Anti-fungal eradicates HIV from infected cells

October 17, 2013

The topical anti-fungal agent ciclopirox causes HIV-infected cells to commit suicide by jamming up the cells’ powerhouse, the mitochondria, according to a recent study.The study, published in PLoS One, found that unlike currently available anti-HIV drugs, ciclopirox eradicates infectious HIV from cell cultures, with no rebound of virus when the drug is stopped.

The topical anti-fungal agent ciclopirox causes HIV-infected cells to commit suicide by jamming up the cells’ powerhouse, the mitochondria, according to a recent study.

The study, published in PLoS One, found that unlike currently available anti-HIV drugs, ciclopirox eradicates infectious HIV from cell cultures, with no rebound of virus when the drug is stopped.

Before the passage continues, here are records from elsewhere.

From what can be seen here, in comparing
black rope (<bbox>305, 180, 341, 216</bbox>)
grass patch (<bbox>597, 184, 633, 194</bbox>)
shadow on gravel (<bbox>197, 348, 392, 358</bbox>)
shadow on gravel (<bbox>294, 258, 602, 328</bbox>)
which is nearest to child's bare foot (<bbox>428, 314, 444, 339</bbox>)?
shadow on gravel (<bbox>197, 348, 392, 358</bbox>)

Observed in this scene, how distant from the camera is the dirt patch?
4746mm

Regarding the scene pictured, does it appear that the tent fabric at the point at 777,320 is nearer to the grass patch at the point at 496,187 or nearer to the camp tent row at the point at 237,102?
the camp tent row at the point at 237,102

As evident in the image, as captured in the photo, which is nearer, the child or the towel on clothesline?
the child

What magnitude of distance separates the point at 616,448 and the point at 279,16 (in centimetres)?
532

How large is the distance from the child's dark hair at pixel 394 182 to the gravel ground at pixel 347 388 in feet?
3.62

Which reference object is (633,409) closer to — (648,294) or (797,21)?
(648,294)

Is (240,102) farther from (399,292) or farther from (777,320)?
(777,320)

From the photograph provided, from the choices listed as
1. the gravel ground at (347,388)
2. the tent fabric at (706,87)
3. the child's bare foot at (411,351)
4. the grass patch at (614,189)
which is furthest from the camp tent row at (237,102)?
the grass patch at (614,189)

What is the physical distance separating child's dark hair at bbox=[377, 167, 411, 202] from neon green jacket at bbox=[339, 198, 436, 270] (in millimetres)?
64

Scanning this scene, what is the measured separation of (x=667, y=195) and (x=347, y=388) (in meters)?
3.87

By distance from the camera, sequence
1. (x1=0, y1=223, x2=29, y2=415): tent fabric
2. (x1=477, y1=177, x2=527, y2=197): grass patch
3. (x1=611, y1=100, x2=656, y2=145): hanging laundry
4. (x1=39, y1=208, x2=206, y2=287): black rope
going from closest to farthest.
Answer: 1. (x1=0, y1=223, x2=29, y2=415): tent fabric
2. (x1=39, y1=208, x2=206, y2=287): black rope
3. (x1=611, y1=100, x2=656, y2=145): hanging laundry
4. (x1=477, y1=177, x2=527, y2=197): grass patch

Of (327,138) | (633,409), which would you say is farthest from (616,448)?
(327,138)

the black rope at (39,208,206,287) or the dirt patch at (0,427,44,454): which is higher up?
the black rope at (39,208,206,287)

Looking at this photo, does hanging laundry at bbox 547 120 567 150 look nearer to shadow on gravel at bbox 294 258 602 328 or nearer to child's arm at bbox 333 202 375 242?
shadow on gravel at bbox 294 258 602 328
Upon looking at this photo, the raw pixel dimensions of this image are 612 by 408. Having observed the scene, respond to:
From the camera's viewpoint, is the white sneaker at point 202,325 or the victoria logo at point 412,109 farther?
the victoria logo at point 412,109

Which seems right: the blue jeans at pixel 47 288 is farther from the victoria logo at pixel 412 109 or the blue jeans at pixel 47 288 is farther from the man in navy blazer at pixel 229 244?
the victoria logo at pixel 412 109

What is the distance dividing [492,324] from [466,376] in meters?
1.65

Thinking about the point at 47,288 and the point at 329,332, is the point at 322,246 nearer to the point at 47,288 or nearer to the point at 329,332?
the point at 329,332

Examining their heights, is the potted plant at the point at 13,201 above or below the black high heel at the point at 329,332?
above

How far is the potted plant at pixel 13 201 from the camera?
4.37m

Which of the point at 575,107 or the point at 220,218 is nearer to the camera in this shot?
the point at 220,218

Researchers at Rutgers New Jersey Medical School, demonstrated that ciclopirox and deferiprone inhibit a cellular protein hydroxylase-DOHH-in CD4 positive cells. 

“It had long been established that DOHH inhibition can arrest cell proliferation, required for maximal production of HIV, and cell proliferation-slowing drugs like hydroxyurea are known to hold back viral production without causing immune deficiency,” said researcher Hanauske-Abel, MD.

“DOHH inhibition may similarly score a first hit against the virus, but this is just a minor pinch compared to what happens next: All HIV infected cells that contain the genome of HIV and have been hijacked by HIV to produce infective HIV offspring by the billions per day, just shut down their production and burn up the HIV genome inside of them by committing suicide.

“HIV-infected cells rather kill themselves than be used by the virus to infect the entire body, a process appropriately labeled ‘altruistic suicide,’ or ‘apoptosis’ in scientific terms (accordingly, the researchers named this “therapeutic reclamation of apoptosis” or TRAP),” Dr Hanauske-Abel said.

When the DOHH inhibitors ciclopirox or deferiprone are then removed from the once highly infectious cultures, these cultures now are no longer infectious and new CD4 positive cells can be injected into them without restarting a new round of infection, he said.

“After monotherapy with either DOHH inhibitor, the cultures behave as if HIV has left without the ability to come back, ever; its DNA is so destroyed that it can no longer reignite infection.” 

This is a preclinical study. The researchers conducted a phase 1 trial with deferiprone and are in the process of completing the manuscript of that clinical study.

“As a physician, any phase 1 study is not immediately relevant for managed care and hospital decision-makers - except to put that item on their radar screen,” Dr Hanauske-Abel said. “Any drug that has the potential to terminate HIV infection, or shut it down for some time until internal re-infection might occur from some hidden sanctuary in latently infected cells-a specialty of HIV that we did not yet examine-has obviously enormous economic significance in terms of reducing cost of treatment.

“At the present time, billions of dollars are required just for the day-to-day supply of antiretrovirals that do not eliminate the productions sites of HIV even when used in combination therapy like combination antiretroviral therapy (cART/highly active antiretroviral therapy [HAART]). Deferiprone and ciclopirox do eliminate the productions sites of HIV when use in monotherapy.”

The availability of about 2 dozen suppressive antiretrovirals create the public impression that HIV-AIDS is manageable and that humans have controlled the HIV-AIDS pandemic. Not so, according to Dr Hanauske-Abel.

“Suppressive antiretrovirals are available to at most 50 percent of all infected persons, and to as few as 12 percent or less in resource-limited hyperepidemic countries,” he said.

“The need for life-long cART extracts extraordinary economic expense. In the absence of protective microbicides and effective vaccines, efforts to treat patients and slow the pandemic are locked into expanded use of suppressive antiretrovirals, a ‘more of the same’ strategy.

“These drugs do not attack the sites that, by mass-producing HIV-1, enable the selection of genetic variants for enhanced drug resistance and human infectivity: cART leaves infected cells intact, ready to launch HIV-1 resistance and breakthrough, and to drive rebound as soon as medicinal suppression wanes. Escape mutations are transmitted and propagate drug-experienced virus to drug-naive persons. Despite cART, HIV-1 reportedly gained in virulence,” Dr Hanauske-Abel said.

“As with drug-resistant TB and drug-resistant malaria and drug-resistant E coli and drug-resistant S aureus, we are not only facing fiscal limits for treatment by drugs, we are facing the exhaustion of the chemical library of basic structures that can be modified to catch escape mutations,” Dr Hanauske-Abel said. “We can modify the penicillin or cephalosporin core not endlessly, but the microbes can mutate way endlessly, they have Darwin and evolution on their side. With regard to HIV, we therefore pursued to idea to destroy its production sites selectively: If virus cannot be produced, then there are no mutants that can be selected for drug resistance. Darwin and evolution no longer are in the employ of HIV. And selective killing of pathogenic cells is a basic therapeutic principle, done every day in medical oncology.”